What is required. For the word "Building", state how many lines of the records include it, with no other text.

(Scraped caption text data)
========================================================================
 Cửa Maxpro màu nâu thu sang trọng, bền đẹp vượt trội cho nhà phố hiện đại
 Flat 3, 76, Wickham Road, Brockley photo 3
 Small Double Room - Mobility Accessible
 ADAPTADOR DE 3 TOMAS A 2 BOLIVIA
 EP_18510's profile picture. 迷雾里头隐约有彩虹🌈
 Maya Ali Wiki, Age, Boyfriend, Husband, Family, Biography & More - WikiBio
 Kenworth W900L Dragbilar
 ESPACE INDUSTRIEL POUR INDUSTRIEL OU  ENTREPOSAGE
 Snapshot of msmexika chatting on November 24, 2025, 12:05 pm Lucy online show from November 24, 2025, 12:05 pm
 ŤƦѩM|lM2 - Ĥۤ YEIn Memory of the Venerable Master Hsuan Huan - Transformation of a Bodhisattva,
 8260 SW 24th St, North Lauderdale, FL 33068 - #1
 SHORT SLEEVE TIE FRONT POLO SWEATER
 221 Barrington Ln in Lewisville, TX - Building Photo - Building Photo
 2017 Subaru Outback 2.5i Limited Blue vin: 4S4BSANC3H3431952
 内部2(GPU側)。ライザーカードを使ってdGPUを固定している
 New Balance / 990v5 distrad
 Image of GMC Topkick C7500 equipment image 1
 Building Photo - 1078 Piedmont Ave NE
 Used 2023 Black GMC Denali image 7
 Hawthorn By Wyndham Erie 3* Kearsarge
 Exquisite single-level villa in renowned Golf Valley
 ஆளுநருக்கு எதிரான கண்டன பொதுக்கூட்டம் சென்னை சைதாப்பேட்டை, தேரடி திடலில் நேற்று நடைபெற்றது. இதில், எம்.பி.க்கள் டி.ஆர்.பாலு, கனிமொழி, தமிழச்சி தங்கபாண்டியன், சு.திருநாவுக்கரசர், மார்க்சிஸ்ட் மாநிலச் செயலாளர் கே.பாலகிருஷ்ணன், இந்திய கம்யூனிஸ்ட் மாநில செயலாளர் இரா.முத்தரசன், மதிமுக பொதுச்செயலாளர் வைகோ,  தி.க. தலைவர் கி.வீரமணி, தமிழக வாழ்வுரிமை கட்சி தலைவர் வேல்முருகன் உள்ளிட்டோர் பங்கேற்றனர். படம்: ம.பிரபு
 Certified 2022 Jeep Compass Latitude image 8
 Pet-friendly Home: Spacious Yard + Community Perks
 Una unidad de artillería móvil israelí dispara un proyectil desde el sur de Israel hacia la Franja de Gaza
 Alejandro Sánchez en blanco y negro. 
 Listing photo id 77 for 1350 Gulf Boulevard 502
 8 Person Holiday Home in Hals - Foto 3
========================================================================
Finished exercise. 2